You are viewing a plain text version of this content. The canonical link for it is here.
Posted to user@cassandra.apache.org by Joe Van Dyk <jo...@fixieconsulting.com> on 2009/10/02 00:31:20 UTC

cassandra as permanent datastore

Hi,

How stupid would it be to use cassandra as a permanent datastore?

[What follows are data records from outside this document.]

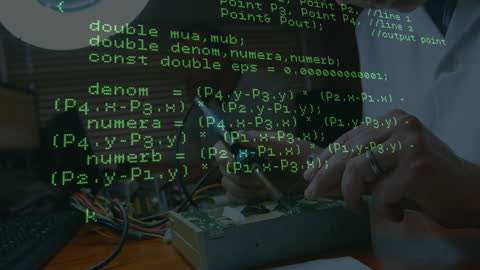 Engineer Programming Circuit Board with Data Overlay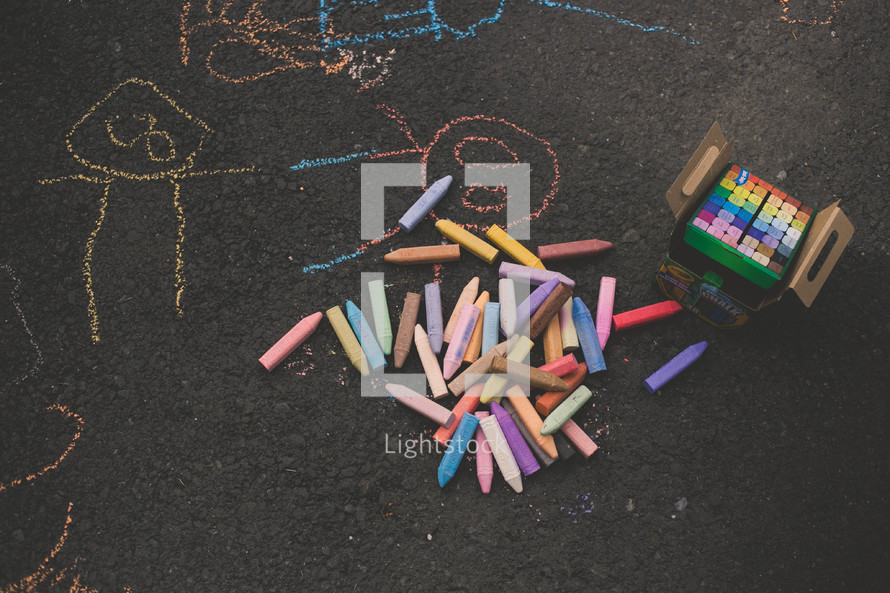 sidewalk chalk and drawings on pavement 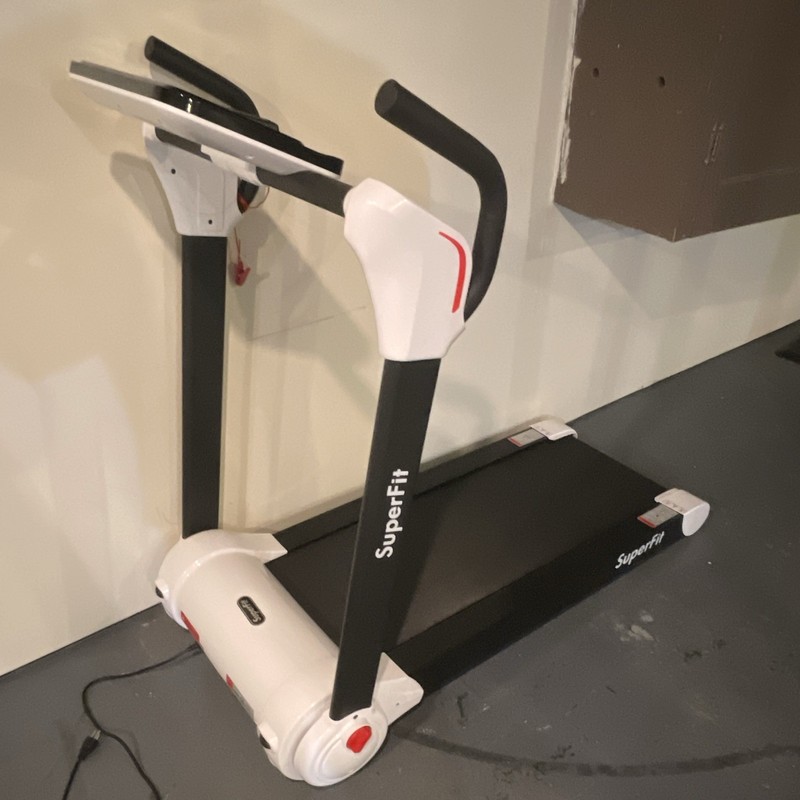 SuperFit Electric Folding Compact Treadmill w/ Safety Key, White/Black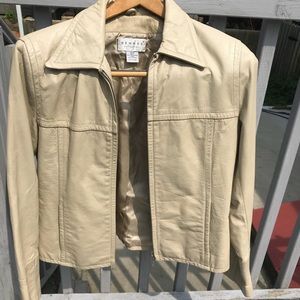 Cream Colored 0 Genuine Leather Jacket 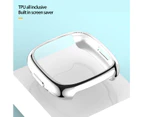 Gotofar Smart Watch Case Electroplating Ergonomic Design Anti Drop TPU Dustproof Watch Protective Shell Cover for Fitbit Versa4/Sense2 - Silver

Say I have a service that tracks clicks on ads running on other sites.
 I'd need to keep track of who clicked what when and where.  And run
reports on it.  Cassandra is attractive because of the built-in
replication and the high write availability.



-- 
Joe Van Dyk
http://fixieconsulting.com

Re: cassandra as permanent datastore

Posted by Mark Robson <ma...@gmail.com>.
2009/10/1 Joe Van Dyk <jo...@fixieconsulting.com>

> Hi,
>
> How stupid would it be to use cassandra as a permanent datastore?
>
> Say I have a service that tracks clicks on ads running on other sites.
>  I'd need to keep track of who clicked what when and where.  And run
> reports on it.  Cassandra is attractive because of the built-in
> replication and the high write availability
>


Not stupid at all really.

The individual clicks won't be interesting to anyone, so you'll want to
summarise the data after some time (say daily etc). You can store the
summaries in something which allows for easier reporting, but only put the
individual clicks in Cassandra.

Or you could even store the summaries in Cassandra.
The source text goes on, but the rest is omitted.